Pediatric offices can extend their office hours to be convenient to adolescents and young adults and train staff to be friendly and welcoming to teenage patients. A separate waiting area with age-appropriate magazines and other media can make adolescent and young adult patients more comfortable. Office brochures should address common adolescent concerns, such as puberty, sexual development, sexual orientation or gender identity; making healthy decisions about sex; STIs; and contraception. All staff should be aware of office confidentiality policies and procedures.
Review confidentiality, office visit policies
At the beginning of the patient interview with parent/guardian present, it is helpful for the provider or staff to review confidentiality policies and the visit structure that includes time alone with the adolescent. The parent/guardian should be reassured that any serious or life-threatening concerns will be disclosed. After reviewing the nonconfidential information with the parent/guardian in the examination room, the parent should be asked to step out so the provider can review sensitive history questions and allow the adolescent to ask questions he or she might not feel comfortable asking or answering in front of another adult.

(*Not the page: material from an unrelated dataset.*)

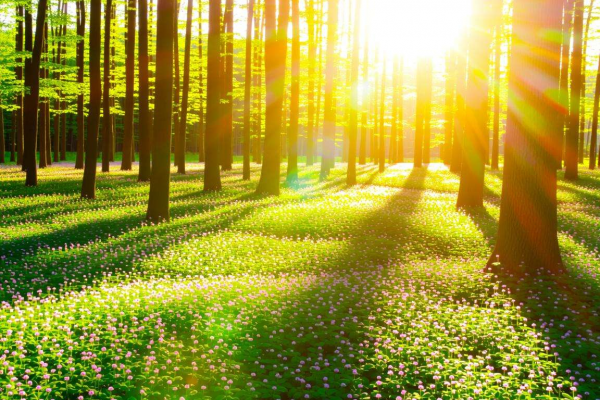 梦见很多屎究竟有何预兆？深度解析梦境背后的神秘寓意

It is helpful to ask the adolescent directly what sexual behaviors are practiced (“What types of sexual experiences have you had?”) rather than “Are you sexually active?” because this can be interpreted in different ways. The Centers for Disease Control and Prevention suggests the “5 P’s” framework: asking about Partners, Pregnancy Prevention, Protection from STIs, Practices and Past history of STIs.
Pediatricians should be aware that Explanation of Benefits has the potential to inadvertently violate confidentiality for minors or young adults insured as dependents on a parent’s/guardian’s health insurance policy. Providers can take steps to minimize such breaches (e.g., use confidential coding practices) or refer the individual to settings that can provide confidential care (e.g., Title X or health department clinics). Electronic health records can assist in delineating parts of the medical records that are confidential from those that are not.
Dr. Burstein, a lead author of the clinical report, is health commissioner of Erie County, New York, and formerly with the Centers for Disease Control and Prevention.